E-Sports: What Is It, How Big Is It and How Fast Is It Growing?

e-sports

The e-Sports market is growing, and it is growing fast. A recent Business Insider report shows that the $325 million market is going to explode and grow nearly three-fold to hit $800 million by 2019. Not bad for a market that had negligible presence ten years ago.

What is e-Sports?

To put it in very simple terms, e-Sports is where video gamers get together at a physical location and play against each other, virtually. The day multi-player games came into the picture was when the seed for e-Sports was sown. Whether you are playing as a team or just playing against some one else sitting on the other side of the world, there have always been platforms to take things to the next level and get the gamers to come together and play as a community.

The gaming community itself is sizable. If you are interested in video games, then you are very likely interested in watching other players play, and to learn from them. The advent of online streaming has made that job simple and easy, and platforms like Amazon’s Twitch have made it even easier to follow other gamers, learn tips and tricks, share information and gameplay and, more importantly, watch experts at play. In gaming terminology, it’s called “Let’s Plays”

Wired author Julie Muncy writes:

“Nowadays, watching other people play videogames is a multi-million-dollar industry called Let’s Plays. They dominate YouTube’s top earner charts and have formed the broad template for streaming live gameplay on the website Twitch, which Amazon acquired for nearly $1 billion in 2014.”

You might be a little shocked if you looked at Twitch‘s numbers without knowing how big it was:

  • 15 million daily active users
  • 2.2+ million unique content creators per month
  • 22+ thousand members of the Twitch Partner program
  • 106 minutes watched per person per day
  • 2+ million peak concurrent sitewide viewers

That’s right. 15 million people logging in every day, while an average Twitch user spends 106 minutes, nearly an hour more than an average person spends on Youtube. The gaming community is not just a sizable one, but a very engaged one.

The rapid growth of the e-Sports industry is helping brand owners increase video game awareness, expand user base and improve loyalty. And if you can make a ton of money in the process, then why not?

The e-Sports industry has become so attractive, in fact, that Nielson, the world’s leading market research firm, famous for inventing the “TRP” rating, felt that the time has to come to launch a new unit to track the e-Sports market. Out of that was born Esport24, a service to track syndicated sponsorships for e-Sports tournaments.
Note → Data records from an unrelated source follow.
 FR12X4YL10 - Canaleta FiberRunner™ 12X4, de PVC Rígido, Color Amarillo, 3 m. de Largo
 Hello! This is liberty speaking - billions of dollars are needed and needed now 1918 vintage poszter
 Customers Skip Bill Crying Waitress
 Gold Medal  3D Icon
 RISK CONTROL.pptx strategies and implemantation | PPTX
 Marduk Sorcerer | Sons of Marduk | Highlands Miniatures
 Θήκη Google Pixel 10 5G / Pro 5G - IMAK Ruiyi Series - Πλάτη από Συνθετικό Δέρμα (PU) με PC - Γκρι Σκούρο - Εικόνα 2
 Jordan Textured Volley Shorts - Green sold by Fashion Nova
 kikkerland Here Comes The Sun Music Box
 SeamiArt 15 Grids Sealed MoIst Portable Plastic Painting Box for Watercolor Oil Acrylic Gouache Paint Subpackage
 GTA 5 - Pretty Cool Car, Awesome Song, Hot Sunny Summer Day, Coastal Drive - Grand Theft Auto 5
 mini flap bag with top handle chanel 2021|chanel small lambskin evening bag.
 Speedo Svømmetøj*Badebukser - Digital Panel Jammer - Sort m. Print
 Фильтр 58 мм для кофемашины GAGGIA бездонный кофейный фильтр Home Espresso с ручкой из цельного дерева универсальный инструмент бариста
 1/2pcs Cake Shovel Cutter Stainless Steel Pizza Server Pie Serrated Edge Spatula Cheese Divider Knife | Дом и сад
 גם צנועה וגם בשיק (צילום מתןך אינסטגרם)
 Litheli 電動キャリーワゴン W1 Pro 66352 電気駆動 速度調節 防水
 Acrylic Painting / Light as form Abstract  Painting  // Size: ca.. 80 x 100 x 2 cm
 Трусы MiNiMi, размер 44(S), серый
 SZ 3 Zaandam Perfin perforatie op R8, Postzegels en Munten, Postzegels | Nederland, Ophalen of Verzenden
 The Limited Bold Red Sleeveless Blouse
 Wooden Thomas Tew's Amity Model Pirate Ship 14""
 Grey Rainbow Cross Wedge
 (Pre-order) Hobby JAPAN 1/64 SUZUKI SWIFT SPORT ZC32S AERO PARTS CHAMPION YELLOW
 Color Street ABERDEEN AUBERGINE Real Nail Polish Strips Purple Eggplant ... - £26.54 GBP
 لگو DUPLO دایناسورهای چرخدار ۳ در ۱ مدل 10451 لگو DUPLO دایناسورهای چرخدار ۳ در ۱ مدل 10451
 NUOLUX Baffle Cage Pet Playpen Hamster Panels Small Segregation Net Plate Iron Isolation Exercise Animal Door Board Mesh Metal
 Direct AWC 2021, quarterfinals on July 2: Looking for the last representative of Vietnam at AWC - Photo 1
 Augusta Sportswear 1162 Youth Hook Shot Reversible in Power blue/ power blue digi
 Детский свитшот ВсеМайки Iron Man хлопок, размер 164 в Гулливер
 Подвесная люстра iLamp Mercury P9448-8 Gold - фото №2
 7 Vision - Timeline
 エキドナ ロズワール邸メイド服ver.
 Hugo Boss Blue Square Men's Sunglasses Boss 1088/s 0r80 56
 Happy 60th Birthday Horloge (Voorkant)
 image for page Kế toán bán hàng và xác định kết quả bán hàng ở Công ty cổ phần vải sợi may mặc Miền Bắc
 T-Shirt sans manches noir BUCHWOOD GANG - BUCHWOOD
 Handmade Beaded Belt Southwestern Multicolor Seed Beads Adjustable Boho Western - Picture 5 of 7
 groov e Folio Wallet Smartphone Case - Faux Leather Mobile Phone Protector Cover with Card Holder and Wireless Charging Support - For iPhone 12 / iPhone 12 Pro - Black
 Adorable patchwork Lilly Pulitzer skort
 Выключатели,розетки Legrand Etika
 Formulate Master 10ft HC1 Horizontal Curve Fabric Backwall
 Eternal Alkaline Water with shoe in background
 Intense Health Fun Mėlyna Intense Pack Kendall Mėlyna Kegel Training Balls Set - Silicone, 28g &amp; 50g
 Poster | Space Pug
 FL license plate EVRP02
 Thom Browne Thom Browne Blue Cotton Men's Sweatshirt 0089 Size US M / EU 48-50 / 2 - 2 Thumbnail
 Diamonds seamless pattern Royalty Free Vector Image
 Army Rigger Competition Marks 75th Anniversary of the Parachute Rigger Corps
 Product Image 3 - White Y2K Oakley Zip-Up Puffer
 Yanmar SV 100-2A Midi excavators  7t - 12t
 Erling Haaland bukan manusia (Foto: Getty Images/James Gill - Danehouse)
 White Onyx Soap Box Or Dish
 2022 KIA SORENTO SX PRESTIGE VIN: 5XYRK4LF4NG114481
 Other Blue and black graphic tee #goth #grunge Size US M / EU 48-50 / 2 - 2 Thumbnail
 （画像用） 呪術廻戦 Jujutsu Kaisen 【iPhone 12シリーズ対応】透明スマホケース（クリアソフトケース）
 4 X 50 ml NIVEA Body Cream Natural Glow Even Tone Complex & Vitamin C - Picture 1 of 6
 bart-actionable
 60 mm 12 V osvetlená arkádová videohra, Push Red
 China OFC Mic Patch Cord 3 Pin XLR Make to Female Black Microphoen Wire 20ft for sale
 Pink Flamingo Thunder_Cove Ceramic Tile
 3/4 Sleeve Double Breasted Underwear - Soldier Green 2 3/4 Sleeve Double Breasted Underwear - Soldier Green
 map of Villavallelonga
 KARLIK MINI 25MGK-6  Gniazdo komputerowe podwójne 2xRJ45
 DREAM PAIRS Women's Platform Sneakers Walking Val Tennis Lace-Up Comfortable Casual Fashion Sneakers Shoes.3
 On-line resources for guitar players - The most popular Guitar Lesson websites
What it does is to use the same methods that conventional sports rights holders use to benchmark the performance of their assets.

Nielson says that the playoff rounds of major 2017 e-Sports tournaments measured by Esport24, generated $75,000 to $17 million in sponsorship value.

With companies like Amazon, Microsoft, Activision Blizzard and many more having skin the game, the growth is all but guaranteed from here.

Want to know how serious this has gotten already?

Activision Blizzard opened its Blizzard Arena last week in Burbank, California. The live event destination for video gamers had its inaugural season over the weekend, where the company brought together gamers for its Overwatch Contenders Playoffs. The Hearthstone Summer Championship that’s part of the tour is this weekend:

“The Overwatch Contenders Playoffs will run the weekend of October 7–8 and serve as the grand opening event of Blizzard Arena Los Angeles. The top Overwatch Contenders teams from Europe and North America will arrive to battle over prize pools and regional dominance as they take center stage at the Arena.

On October 13, the Summer Championship for the Hearthstone Championship Tour takes over the Arena for a full weekend of championship competition with $250,000 on the line. The players left standing will be the final entrants in the Hearthstone World Championship, scheduled for early 2018.” – Activision Blizzard

If you have any level of interest in video gaming, this is the segment you need to keep an eye on.